THOUGHTS

This file records my thoughts on various IRC- and Yoleaux-related
issues; it does not explain them. Paragraphs are not organised except by
section; the required background varies wildly from paragraph to
paragraph. Take what you read with a pinch of salt.


IRC generally:

Phenny uses a hand-hacked parser for IRC lines; Yoleaux just uses a
regexp, @@linere, which I pinched from loggy.py's source. This seems
to work well enough: I haven't seen it trip up once yet. Though it
may turn nasty the first time it does.

Yoleaux's flood control allows a message to be sent immediately if no
data has been sent for at least half a second and the data before that
was sent no more than a second ago; otherwise messages are throttled to
a rate of at most once every 1.5 seconds. This is probably too strict:
acrobup seems to manage to send a lot more than that. For now, though,
it's OK.

Another problem with the current flood control is that it's not
prioritised at all. There are two problems with this: if #a has 100
messages queued then someone in #b issues a command, the poor chap in #b
has to wait for all those hundreds of messages to be delivered before
he'll see the answer to his command. The other issue is that you could
cause the bot to ping-timeout like this. One possible solution would be
to make PONGs unbuffered, but then there's a chance that PONGing could
cause us to be booted for flooding, especially with some derpful IRC
software which will remain nameless. (I don't know if this software
actually behaves in this way, but it would not surprise me in the least.)

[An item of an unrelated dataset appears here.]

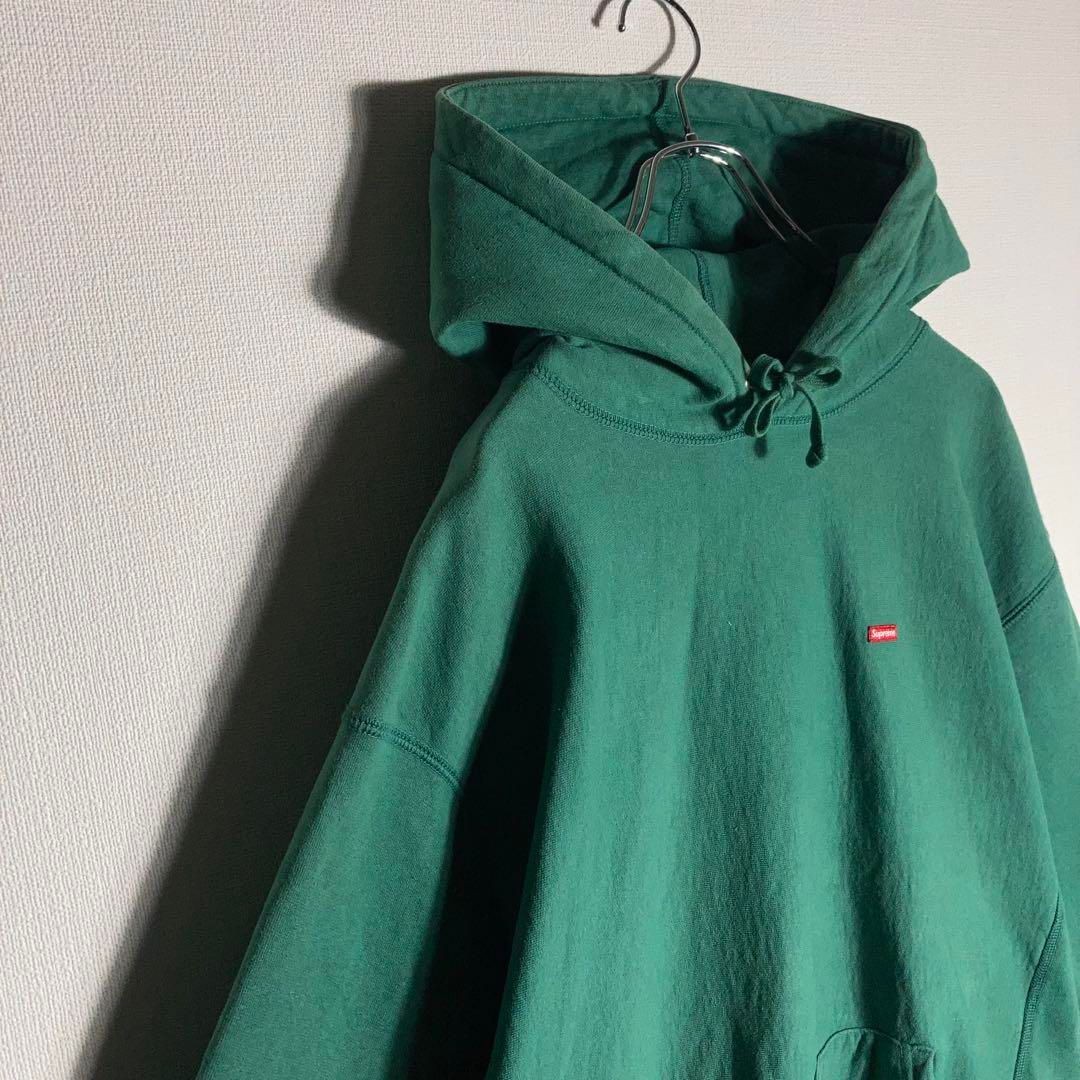 平成フラミンゴにこ着用】SUPREME スモールロゴ 刺繍 パーカー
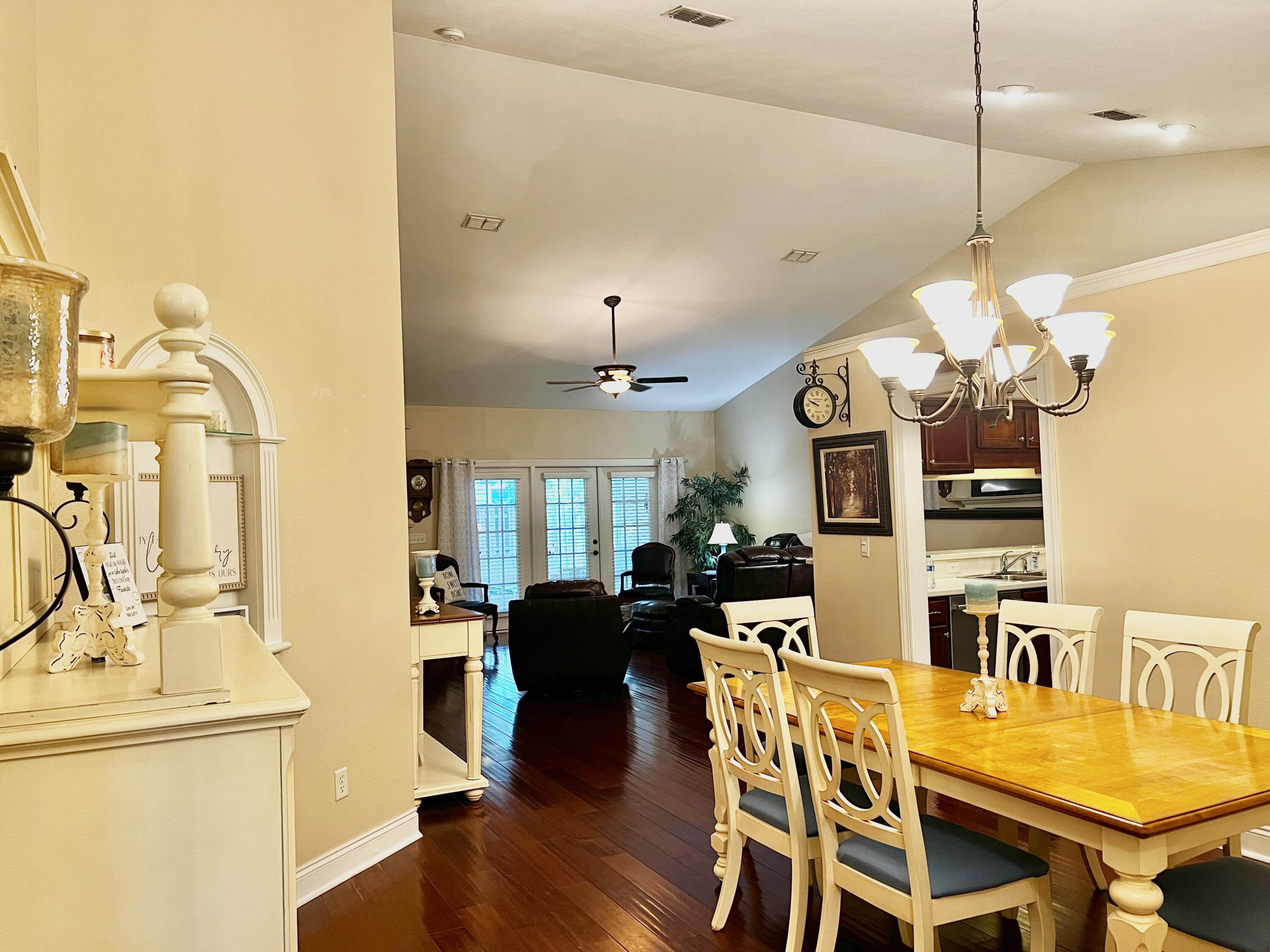 DIAMOND LAKES - Residential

Solution: PONGs and messages to different channels get to jump the
queue: they get buffered like normal, but they go ahead of existing
messages to other channels, so that those messages have to wait 3
seconds or something.


Encoding:

Yoleaux converts all input strings to UTF-8 before processing them. All
output is clean UTF-8 (or should be, anyway).

Phenny tries UTF-8, then ISO-8859-1, then Windows-1252. This seems to be
necessary because Python's ISO-8859-1-to-Unicode conversion is done by a
table, rather than simply arithmetically as is Ruby's, and doesn't
include conversions for every byte from 128 to 255. As Windows-1252 is
backwards-compatible with ISO-8859-1 with a few additions, I initially
tried UTF-8 then 1252; unfortunately, Ruby uses a table for Windows-1252
conversion, and errors when it encounters a byte that's not in its
table. ISO Latin-1 to UTF-8 conversion is done without regard to whether
each byte is "valid" in the source encoding, and will work on a string
containing any sequence of bytes. You can demonstrate this by running
the following code:

(0..255).each {|n| n.chr.force_encoding('iso-8859-1').encode('utf-8') }
(0..255).each {|n| n.chr.force_encoding('cp1252').encode('utf-8') }

Upshot of all this: Yoleaux tries UTF-8, and if the string is not valid,
it treats it as ISO-8859-1 and transcodes. This could be a problem if
someone uses a Windows-1252 character which doesn't transcode as they
expect, and thus they pass some kind of input they didn't expect to a
command. Given the increasing dominance of UTF-8, and the number of
clients which only offer Latin-1, I don't think this issue is worth
addressing.


Commands, generally:

Prefixing: need to support ``<bot nick>: prefix?'' queries; and
channel-specific (eg. non-global) prefixes would be nice too.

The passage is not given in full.